Political Science in the 21st Century
Today I received a hard copy of the American Political Science Association's Political Science in the 21st Century Task Force Report. I read through it, and its discussion of how to make political science research relevant is not very good.
My discontent stems from the fact that it totally ignores social media, which currently is the most important source of connection between political science and the wider world. In fact, I did a search and found no mention of the word "internet." The report therefore has an old fashioned flavor, seemingly unaware of the important trends of the 21st century. Thinking of such trends, I have opted out of receiving APSA journals in hard copy, yet I receive this report dated October 2011 in January 2013. There is in fact a PDF available online, so I chucked the hardcopy straight into the recycling bin (or maybe they are just late in sending it to me, and I am whining long after everyone else already did).

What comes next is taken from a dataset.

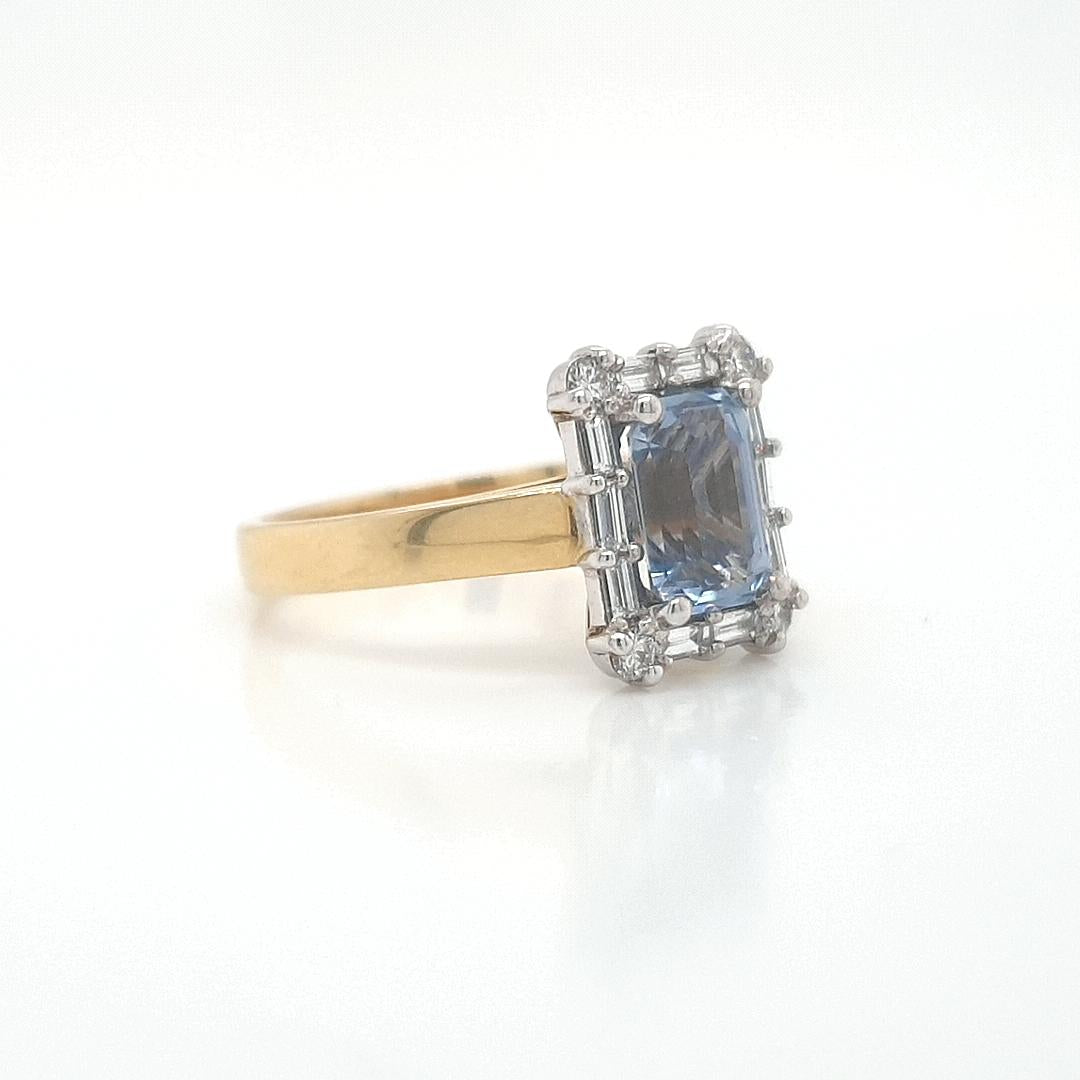 Sapphire & Diamond 18ct Yellow & White Gold Baguette & Round Diamond Cluster Ring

There is no mention of blogs, Twitter, Facebook, or other media. Instead, we get reference to a single New York Times article from 2009 where a reporter complains about political science. Therefore the report was badly outdated long before its publication. The Monkey Cage blog began in November 2007 and so was there for everyone to see before this report was completed. Apparently the authors knew nothing about it, or the many blogs on a wide variety of topics written by professors that engage the mainstream media and others who have traditionally been skeptical of the discipline. Dan Drezner had a good post on this topic in November.
I don't want to be harsh, but I do want the political science establishment to budge a little bit more. There are a lot of cool things going on in the 21st century and APSA should be cognizant of that.